All you can eat Frankfurt School Special.

All you can read Special Frankfurt School .. when people grab the texts from the Dumpster they tend to think it's equivalent to cast-off Coles Notes, and hence don't spend the time to eventually grasp that the Dumpster is the source of all life.

Poverty is a sign of intellectual integrity.

Hmmm ...

I am currently in Brighton, UK .. .home to all sorts of playwrights, actors, musicians, gays, lesbians, socialists and general weirdos .. plus most of the ESL schools in the UK, hence lots of furriners.

At an outdoor cafe on the High Street this morning, having a coffee, I read an Op-Ed in the local Brighton rag lamenting the long slow decline of the real, hard left ... Tony Benn still the only one banging on about the poor because he still doesn't understand them ;-) ... and of course midway through the piece came the assertion that today's welfare family is better off than were all sorts of working folks 50 - 75 years ago, and that nothing short of mass desperation in the face of hardship will ever get the left into gear again.

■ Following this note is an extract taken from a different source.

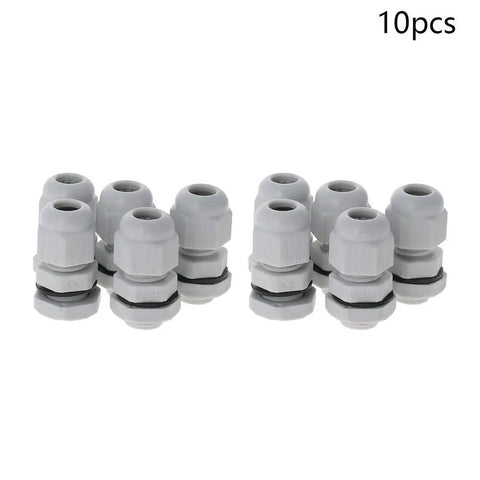 10 Pack M12 Cable Glands Waterproof Nylon PA6 with Gasket Adjustable Connector for Cable Diameter 3 to 6.5 mm 12 mm Thread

It pointed out that the supposed-to-be-somewaht-left Labour Party came into power a decade ago after many years of Thatcher-major toryism only because people eventually got tired and fed up with copious amounts of sleaze and skullduggery.

And yes, it did make the point that today's Labour party in the UK is not your grandmother's Oldsmobile.

The world seems pretty comfortable to many. Everything moving in the right direction, were it not for it being unsustainable.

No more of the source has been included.